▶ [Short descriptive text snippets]
▼
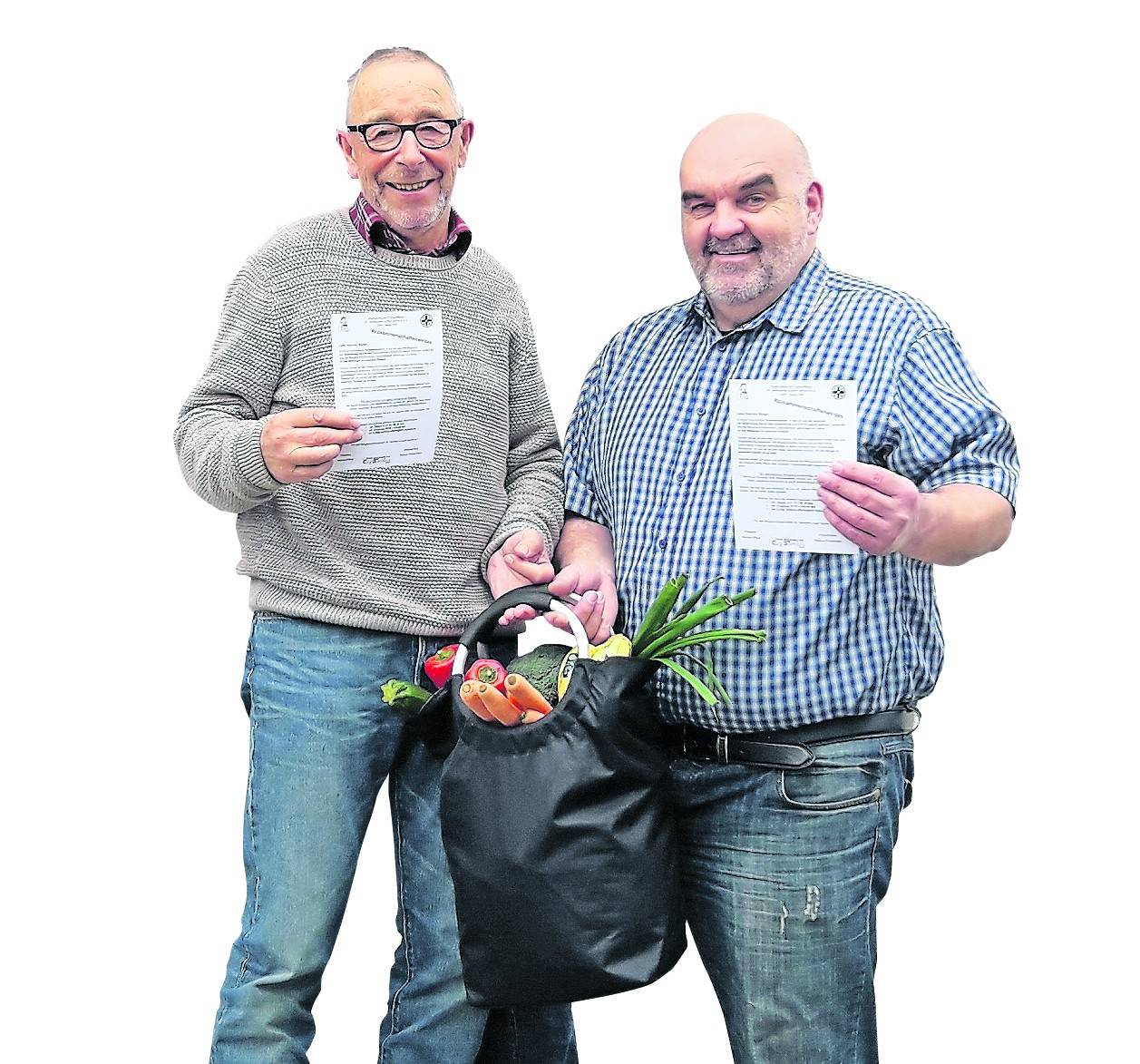  Der Speicker Alfred Aretz (links) hat das Hilfsangebot der Speicker Schützen gerne angenommen. Markus Effertz brachte ihm jetzt seine Einkäufe nach Hause. 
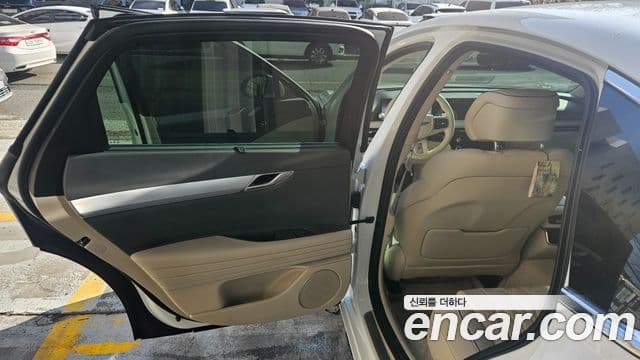 Genesis G80 (RG3) бензин 2.5 турбо 2WD, 2026 13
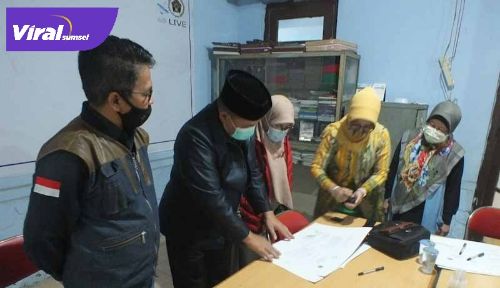 Dekan FDK UIN Raden Fatah, Dr. Achmad Syarifudin, MA dan Ketua PWI, Firdaus Komar. FOTO :VIRALSUMSEL.COM
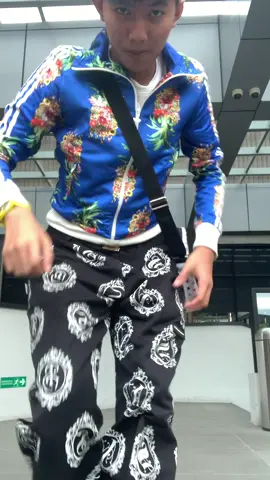 casual x lokal??💋🥶😵‍💫#fitcheck #4u #kalcerstyle #spotfoto #fypviralシ 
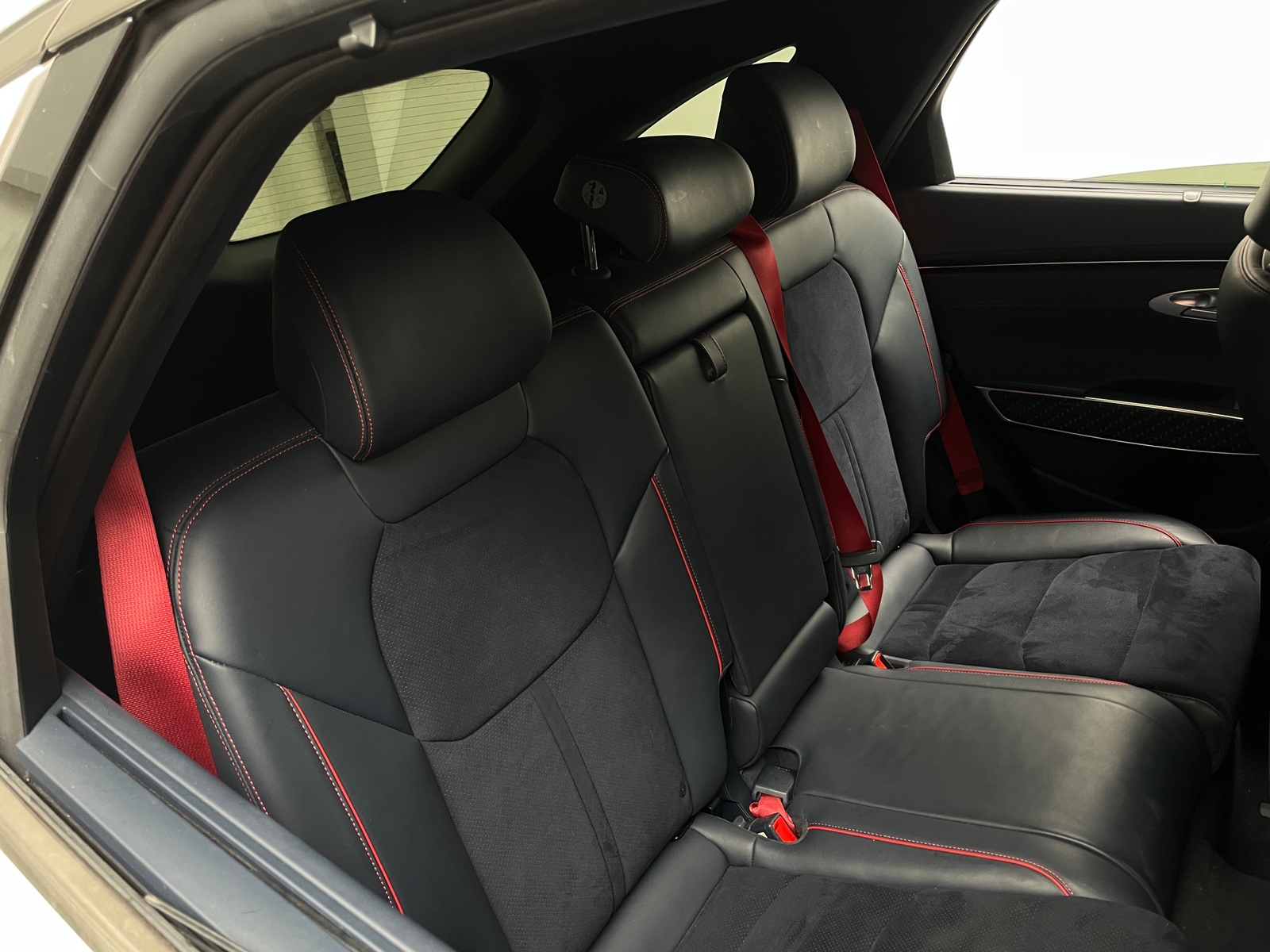 Thumbnail: 2022 Genesis GV70 - 5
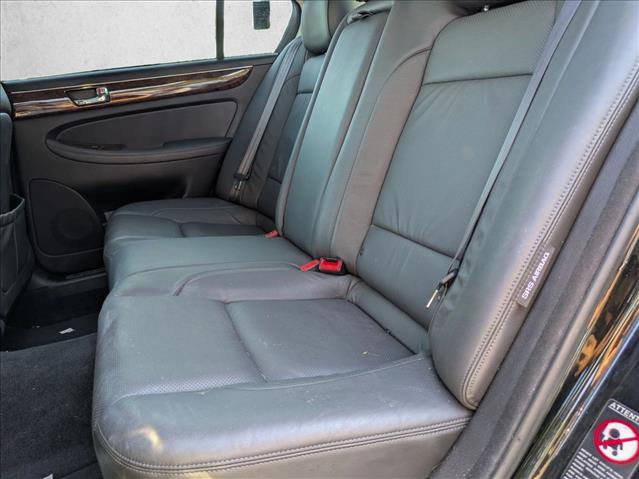 Used 2011 Hyundai Genesis 3.8 RWD image 12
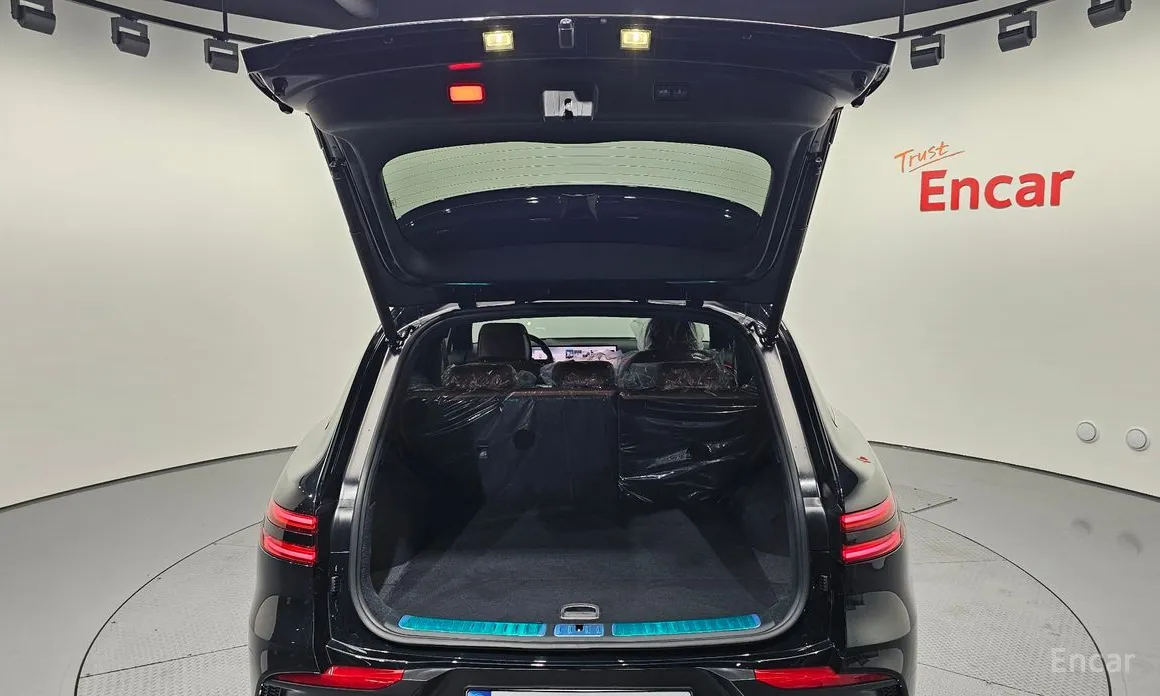 Фото 20 - Genesis GV70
▲
▶ [TASK REQUIREMENTS] Copy out every line of the data above, taking care to leave the pictures out.

▶ [REPLY]
  Der Speicker Alfred Aretz (links) hat das Hilfsangebot der Speicker Schützen gerne angenommen. Markus Effertz brachte ihm jetzt seine Einkäufe nach Hause. 
 Genesis G80 (RG3) бензин 2.5 турбо 2WD, 2026 13
 Dekan FDK UIN Raden Fatah, Dr. Achmad Syarifudin, MA dan Ketua PWI, Firdaus Komar. FOTO :VIRALSUMSEL.COM
 casual x lokal??💋🥶😵‍💫#fitcheck #4u #kalcerstyle #spotfoto #fypviralシ 
 Thumbnail: 2022 Genesis GV70 - 5
 Used 2011 Hyundai Genesis 3.8 RWD image 12
 Фото 20 - Genesis GV70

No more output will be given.